La filosofía, ¿hace feliz o miserable? ¿O es indiferente a ello? ¿Debe hacerse filosofía por algún mandato, así fuese el que nos damos a nosotros mismos? Deberíamos haber comenzado por aquí, pero los momentáneos arribos que el pensamiento concede llegan de manera inesperada y sólo los colocamos al inicio a posteriori. La filosofía es una posibilidad. Surge de un descubrimiento y una fidelidad. Descubrimiento de la potencia efectiva del pensar: la capacidad de despegarse del mundo. Pero esta potencia es la fidelidad más profunda a él, porque con el pensar se le puede verdaderamente apreciar. La música debe retenerse en la memoria para experimentar toda su sonoridad, sus patrones, locales, como el compás, y globales, como cuando atendemos al género (una sonata, una fantasía). Por la capacidad de despegarnos de la donación inmediata es que migramos la atención del timbre de los violines al de los metales y al de un único corno. La música, como el mundo, no desfila simplemente, sino que envuelve, pero no sin la concurrencia de quien lo escucha. Bien puede pasar simplemente una pieza por nuestras orejas, o podemos tomarnos el tiempo para que se expanda su espacio. Esa atención analítica, pero no racionalizante, es análoga al pensar.

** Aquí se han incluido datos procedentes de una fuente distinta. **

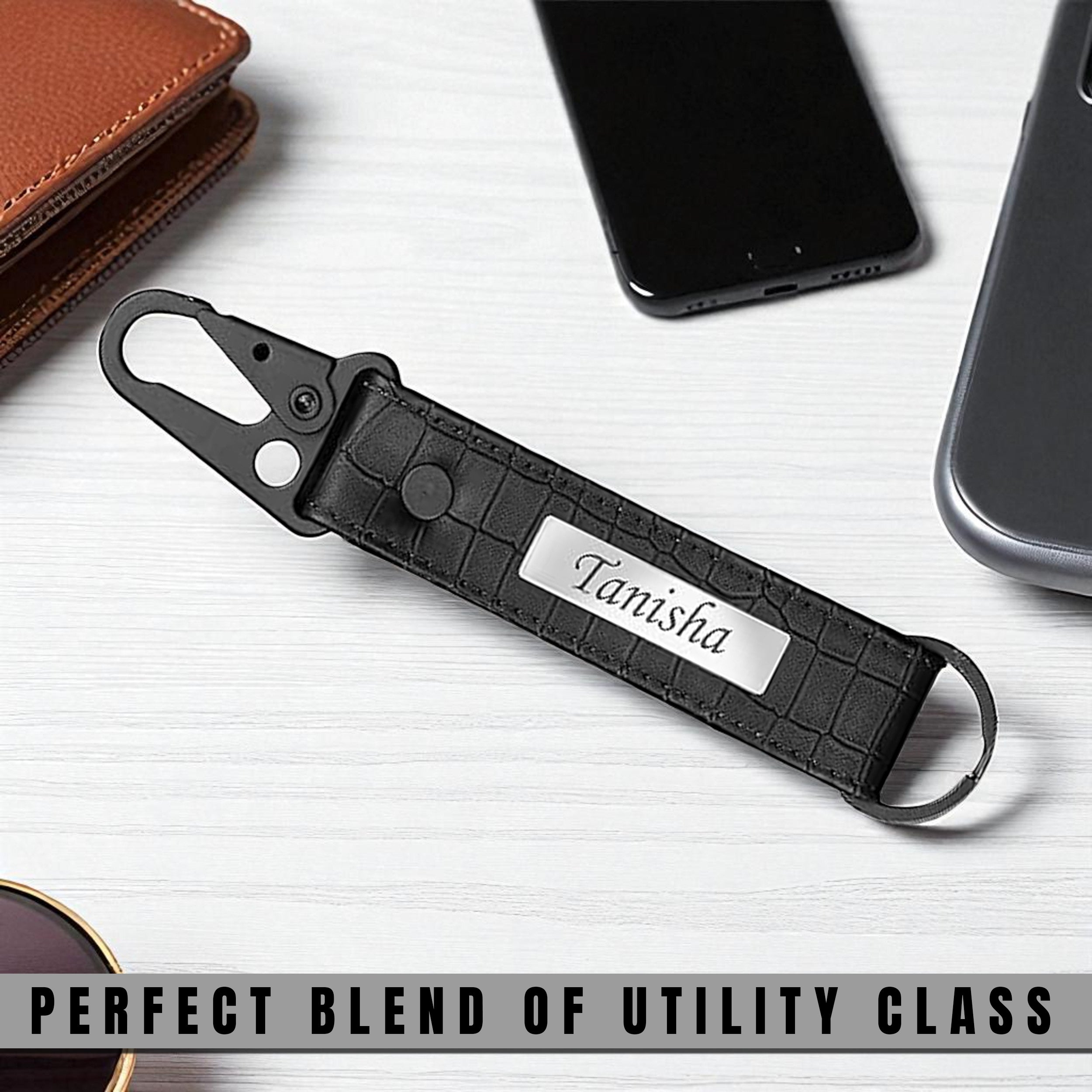Personalized Croco Design Keychain With Name - Black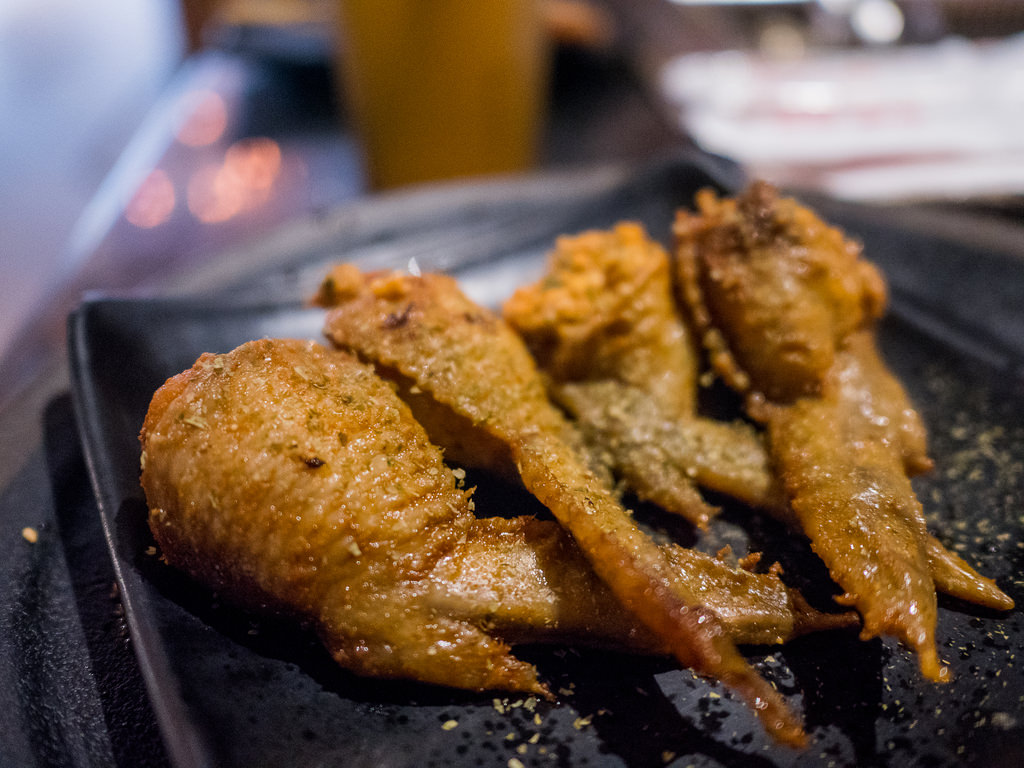 【台北】三朵花炭火燒肉鍋物吃到飽｜台北西門町餐廳｜壽星當月、當日優惠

Otra vez. En la filosofía, ¿se practica por amor? ¿Por deber? ¿Por compulsión? En la filosofía se conjuga sí un amor. Pero no un amor al saber, como su nombre pareciera decirlo: filo-sofía. Es más bien un saber amante. Un doble amor: a las personas y a las cosas. Lo primero se llama justicia. Lo segundo, gozo. Un gozo al que no le interesa la justicia, es criminal. La justicia no tiene lugar sin el mundo y su cuidado. Entre ellas, las cosas y las personas. La filosofía intenta pensar diagonalmente. Y también hace uso de la curva: avanza de manera sinuosa, tratando de seguir no el camino más corto entre las cuestiones, sino el trayecto que más asuntos visita. No intenta colocar las cosas de un lado u otro, es decir, clasificarlas. Ni trazar las líneas definitivas del mundo: la mente vs. el cuerpo, lo divino contra lo mortal, el ser contra el pensamiento. Intenta, en cambio, hacer trazos nuevos, y ofrecer espacios donde se puedan realizar otros trazos. Es apremiante.
La filosofía busca hacer espacio a la verdad. Entendamos verdad como un hacer justicia. Hacer justicia a las cosas, es decir, al describirlas, pero también en su trato. Y orientarse por una justicia hacia los otros. El trato no deberá ser maltrato. La verdad como aquella diferencia que hace la diferencia frente a todas las otras diferencias debería poder ser pensada y deseada en los espacios de la filosofía. Sólo esto.